§ Extracted information
+--
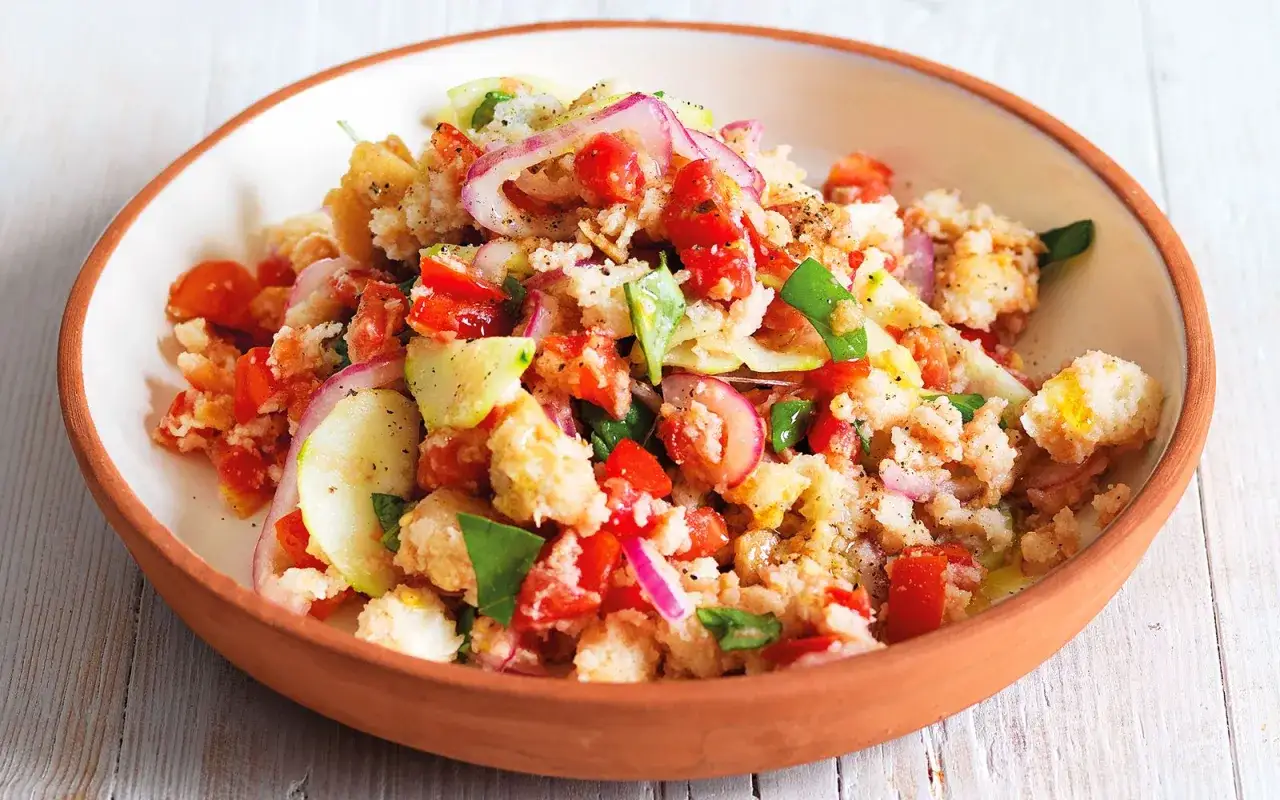 Panzanella ricetta: un'insalata estiva con pane raffermo, pomodori, cetrioli, cipolla rossa e basilico, condita con olio d'oliva.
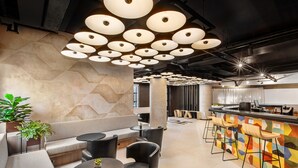 Un área de bar moderna con pared de diseño geométrico, diversas opciones de asientos e iluminación circular en el techo.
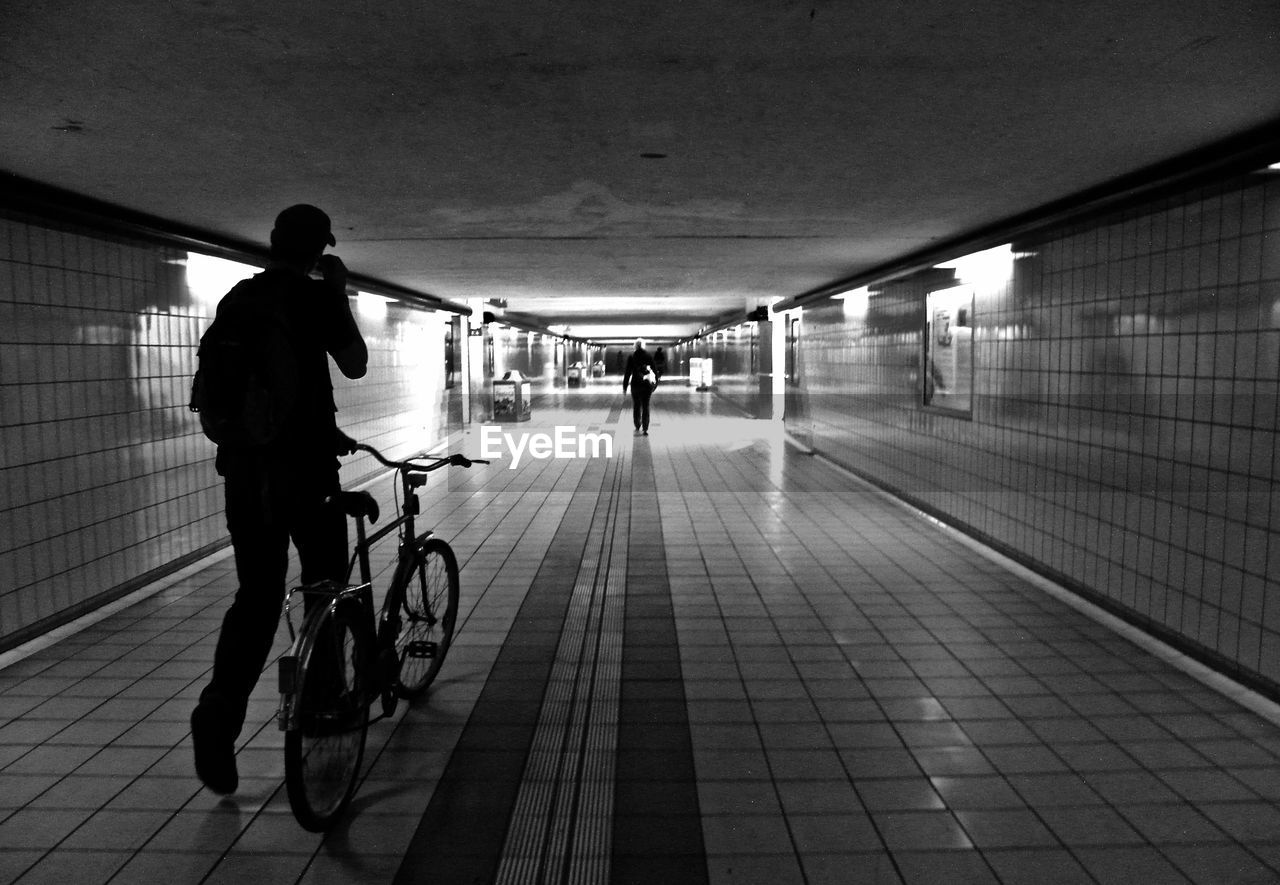 Man with bicycle walking in basement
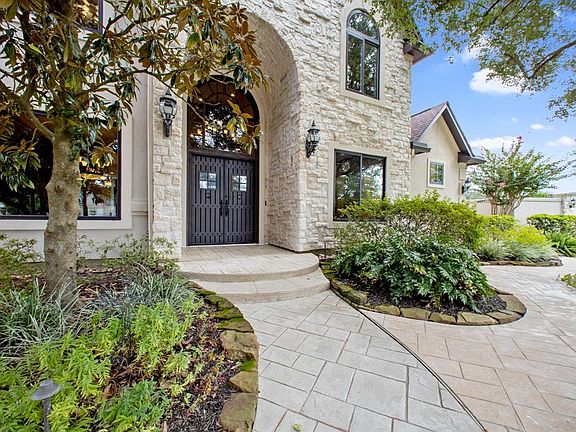 Grand entry ornate steel double door. Pattern concrete driveway, walkway, sidewalks and patios. Landscaped with moss rocks, sprinkler system and drainage. Electrical lighting in beds and trees. Cul-de-sac double lot approximately 25,545 s/f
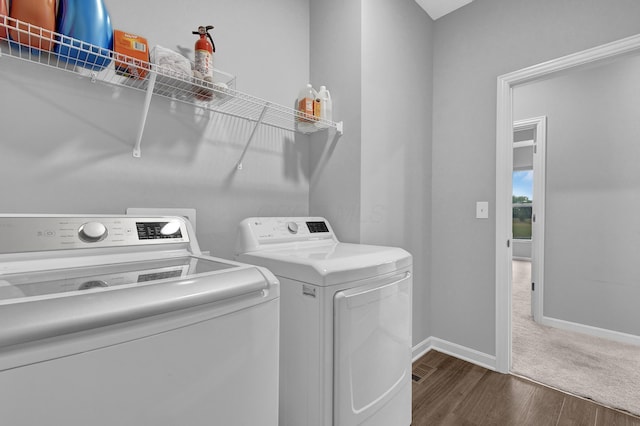 clothes washing area with dark wood finished floors, independent washer and dryer, laundry area, and baseboards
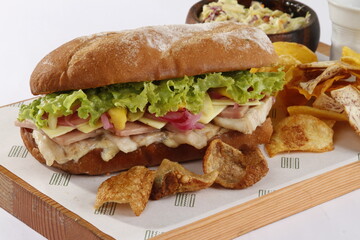 Cuban bread sandwich with ham, bacon, cheese, lettuce, tomato and onions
+--
§ Instructions to follow
Each entry above should come back word for word, and no picture should come with it.

§ Task solution
 Panzanella ricetta: un'insalata estiva con pane raffermo, pomodori, cetrioli, cipolla rossa e basilico, condita con olio d'oliva.
 Un área de bar moderna con pared de diseño geométrico, diversas opciones de asientos e iluminación circular en el techo.
 Man with bicycle walking in basement
 Grand entry ornate steel double door. Pattern concrete driveway, walkway, sidewalks and patios. Landscaped with moss rocks, sprinkler system and drainage. Electrical lighting in beds and trees. Cul-de-sac double lot approximately 25,545 s/f
 clothes washing area with dark wood finished floors, independent washer and dryer, laundry area, and baseboards
 Cuban bread sandwich with ham, bacon, cheese, lettuce, tomato and onions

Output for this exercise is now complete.